++++ TASK INPUTS

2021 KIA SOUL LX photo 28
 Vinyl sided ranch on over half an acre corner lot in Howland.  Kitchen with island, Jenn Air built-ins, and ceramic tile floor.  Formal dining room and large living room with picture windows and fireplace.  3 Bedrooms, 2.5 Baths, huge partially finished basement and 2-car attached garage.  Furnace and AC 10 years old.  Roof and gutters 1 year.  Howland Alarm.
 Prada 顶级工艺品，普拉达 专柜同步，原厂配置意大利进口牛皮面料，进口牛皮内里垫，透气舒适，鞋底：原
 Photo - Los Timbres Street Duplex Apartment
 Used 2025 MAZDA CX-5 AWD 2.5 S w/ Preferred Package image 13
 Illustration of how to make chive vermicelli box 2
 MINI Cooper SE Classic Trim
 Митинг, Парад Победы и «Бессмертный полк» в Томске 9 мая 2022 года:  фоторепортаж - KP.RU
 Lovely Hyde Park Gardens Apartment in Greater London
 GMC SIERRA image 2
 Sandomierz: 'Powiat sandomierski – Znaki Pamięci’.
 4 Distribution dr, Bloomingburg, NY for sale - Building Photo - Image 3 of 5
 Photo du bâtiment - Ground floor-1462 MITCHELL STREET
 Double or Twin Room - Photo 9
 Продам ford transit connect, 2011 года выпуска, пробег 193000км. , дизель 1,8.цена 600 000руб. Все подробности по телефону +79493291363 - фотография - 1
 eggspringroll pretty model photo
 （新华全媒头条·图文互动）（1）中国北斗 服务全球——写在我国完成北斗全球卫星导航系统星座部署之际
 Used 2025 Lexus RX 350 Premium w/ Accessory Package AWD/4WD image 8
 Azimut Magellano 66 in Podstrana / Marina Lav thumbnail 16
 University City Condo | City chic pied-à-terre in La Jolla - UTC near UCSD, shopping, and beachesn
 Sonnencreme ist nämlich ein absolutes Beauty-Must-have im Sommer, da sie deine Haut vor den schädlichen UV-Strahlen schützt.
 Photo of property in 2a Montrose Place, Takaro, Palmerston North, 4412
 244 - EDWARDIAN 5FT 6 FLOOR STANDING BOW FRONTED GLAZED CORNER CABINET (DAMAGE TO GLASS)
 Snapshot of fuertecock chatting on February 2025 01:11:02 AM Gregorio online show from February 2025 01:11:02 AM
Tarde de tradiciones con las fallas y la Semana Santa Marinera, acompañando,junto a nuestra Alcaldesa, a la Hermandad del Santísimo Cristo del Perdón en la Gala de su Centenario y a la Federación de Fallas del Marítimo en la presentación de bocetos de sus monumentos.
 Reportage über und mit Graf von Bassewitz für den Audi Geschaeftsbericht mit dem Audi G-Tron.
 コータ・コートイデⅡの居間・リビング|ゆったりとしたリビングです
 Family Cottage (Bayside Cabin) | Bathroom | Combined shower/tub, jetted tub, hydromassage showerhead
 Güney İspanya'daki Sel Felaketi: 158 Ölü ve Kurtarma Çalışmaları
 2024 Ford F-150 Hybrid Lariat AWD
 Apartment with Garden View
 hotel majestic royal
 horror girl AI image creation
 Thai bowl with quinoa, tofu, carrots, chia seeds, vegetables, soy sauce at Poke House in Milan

++++++++

_THE PROBLEM_
Check each line of the data above for the word "Package" and say how many lines contain it, giving nothing besides the number.

_THE COMPLETED TASK_
2